There are an enormous number of cases concerning construction contracts and a few useful cases are mentioned below.

Balfour Beatty Regional Construction Limited v Grove Developments Limited [2016]

Shows the courts are reluctant to step in when there is a drafting slip, when amending the standard form contract.

Birse Construction Ltd v St David Ltd [1999]

The courts have hinted that the collaborative nature of partnering charters will be taken into consideration when considering the express obligations in a construction contract.

Blue Circle Industries v Holland Dredging (1987) 37 BLR 40

The employer cannot instruct variations that are entirely different to the subject matter of the contract. It is, therefore, essential that the original scope of the work is clear and included in the original contract documents.

Great Eastern Hotel Co Ltd v John Laing Co Ltd [2005] CILL 2217 TCC

Suggests that a management contractor has fundamental obligations to manage, administer and coordinate the works of the trade contractors and not all project risk lies with the employer.

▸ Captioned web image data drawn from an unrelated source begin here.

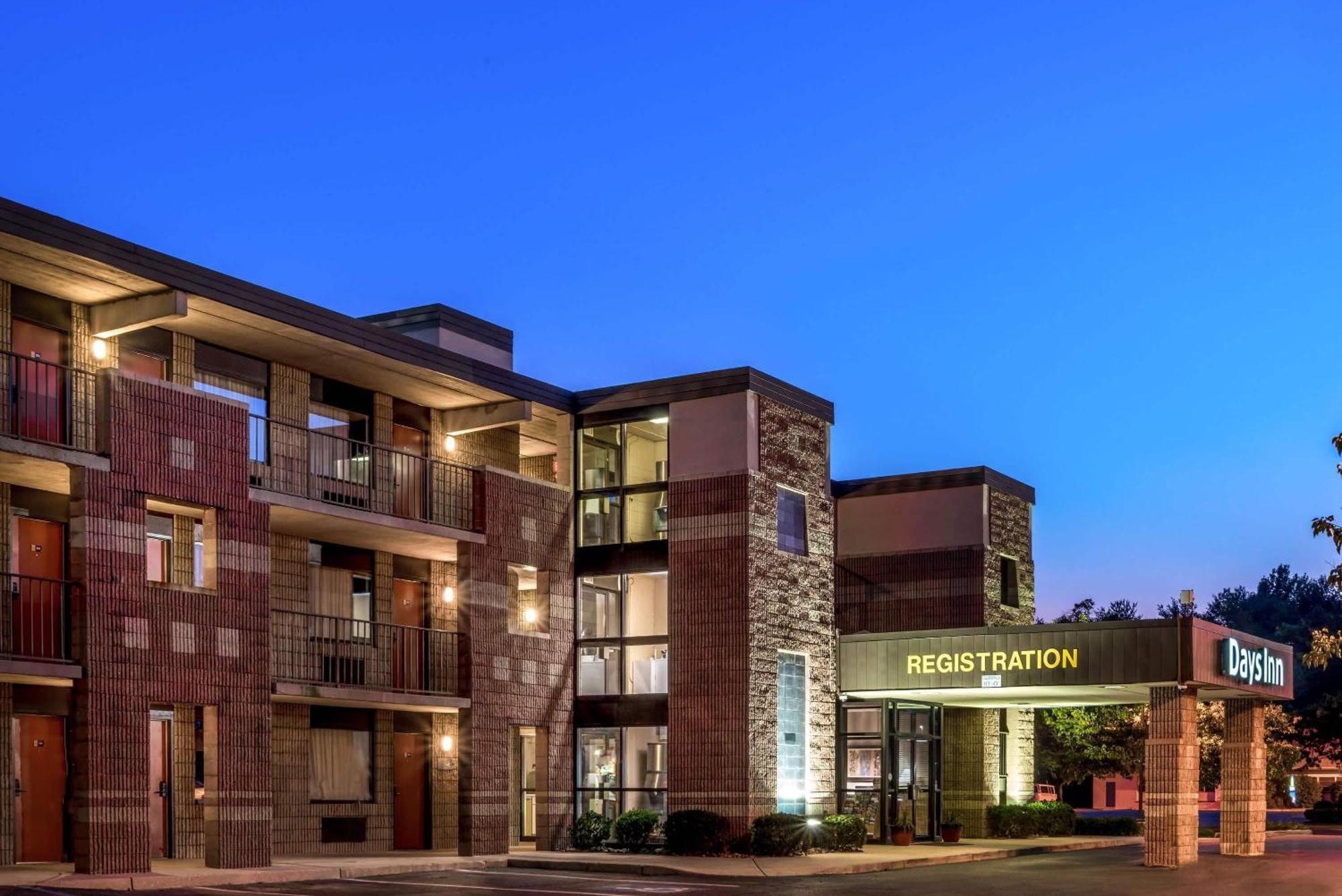 Days Inn By Wyndham Vineland Exterior photo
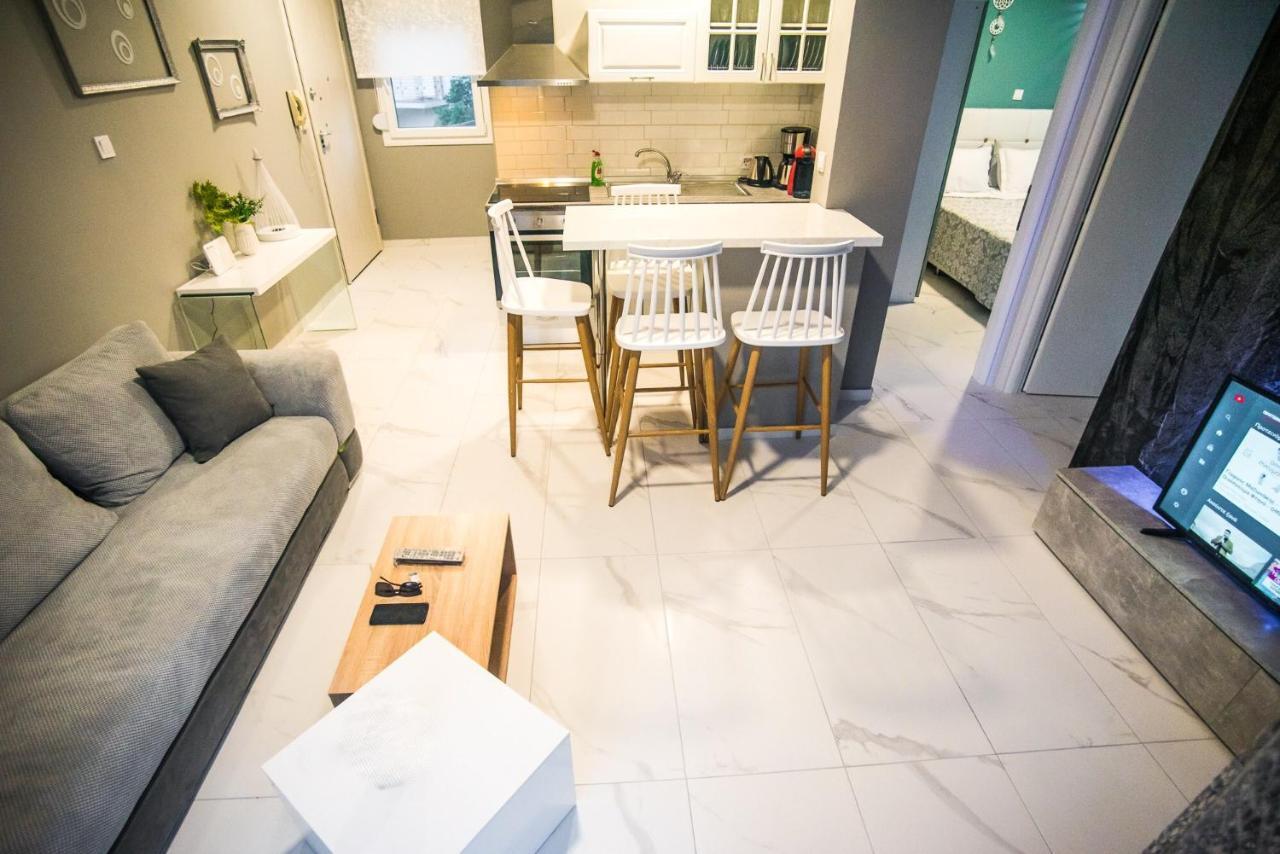 Diamond Lux Apartment ปาเลออน ซิฟลิคิออน ภายนอก รูปภาพ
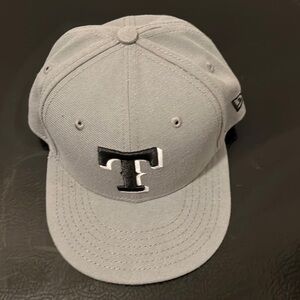 Like New Kids Fitted Texas Rangers New Era Hat Size 6 1/2
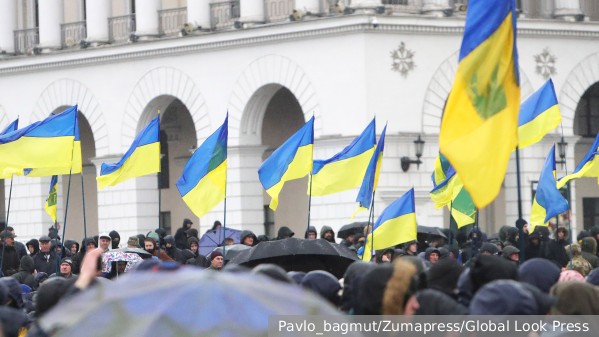 В Киеве на Майдане началась акция за мирное урегулирование конфликта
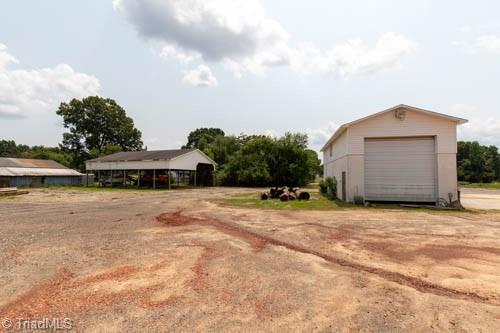 main property photo 37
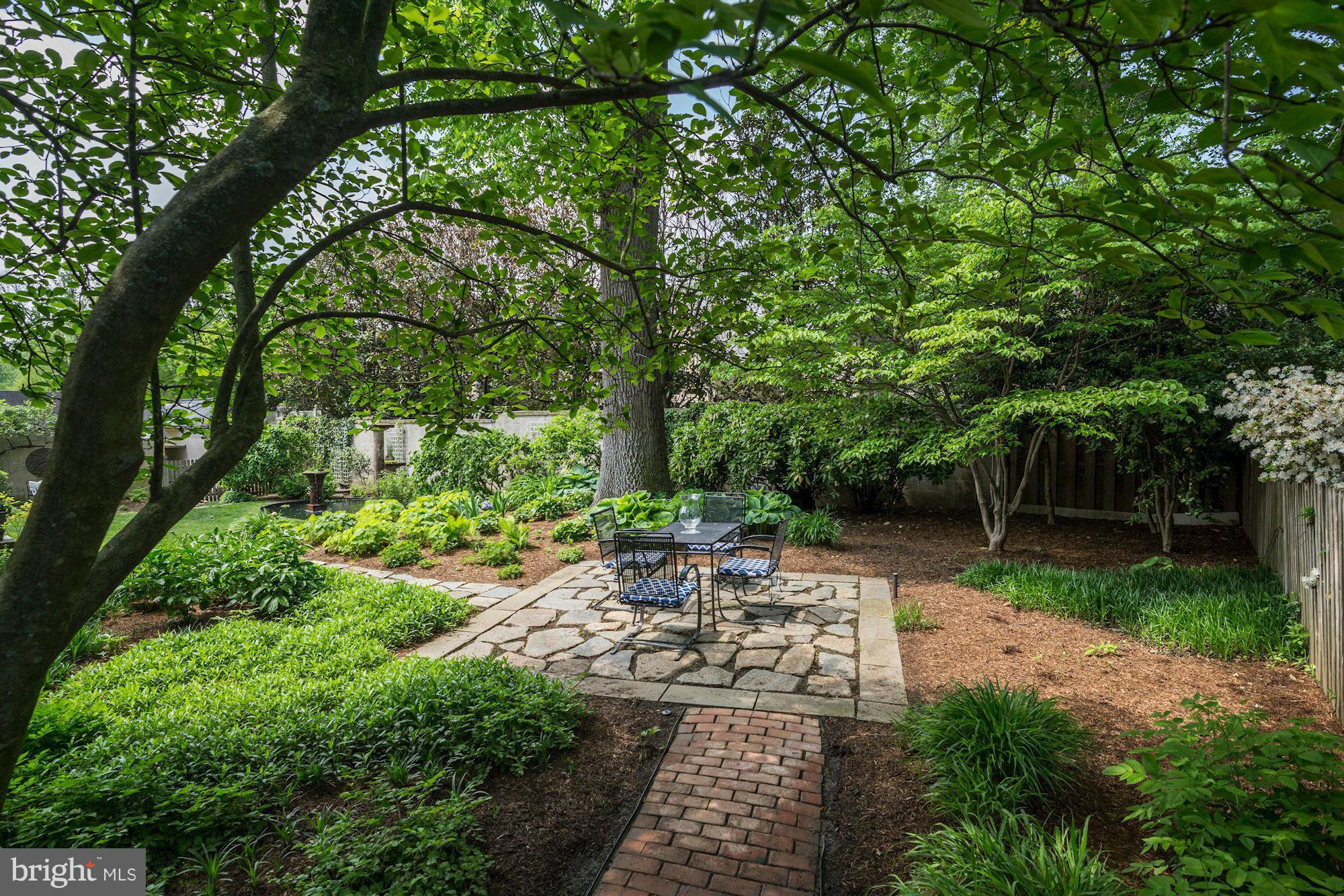 WESLEY HEIGHTS - Residential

C.G.A. Brown v Carr and Another [2006]

A contractor who has not been provided with some of the project design and provides it himself is likely to carry the liability for this design.

Henry Boot Construction Ltd v Alstom Combined Cycles Ltd, contract administrator 2000

This case confirms that the rates and prices in a re-measurement contract are to be used not matter how unfavourable they are to one of the parties.

Multiplex Construction (UK) Ltd v Honeywell Control Systems Ltd (No. 2) [2007] EWHC 447 (TCC)

This case suggests that condition precedent clauses (such as those in the NEC3 ECC) are enforceable in the UK and that such clauses 'serve a valuable purpose'. Condition precedent clauses are unpopular with contractors but are likely to become more common in the UK.

Williams v Fitzmaurice (1858) 157 ER 709

The ‘inclusive price principle’. This case indicates that even if not expressly stated in the contract, a contractor will normally be held to have included in its price everything necessary to achieve the stated objective of the contract.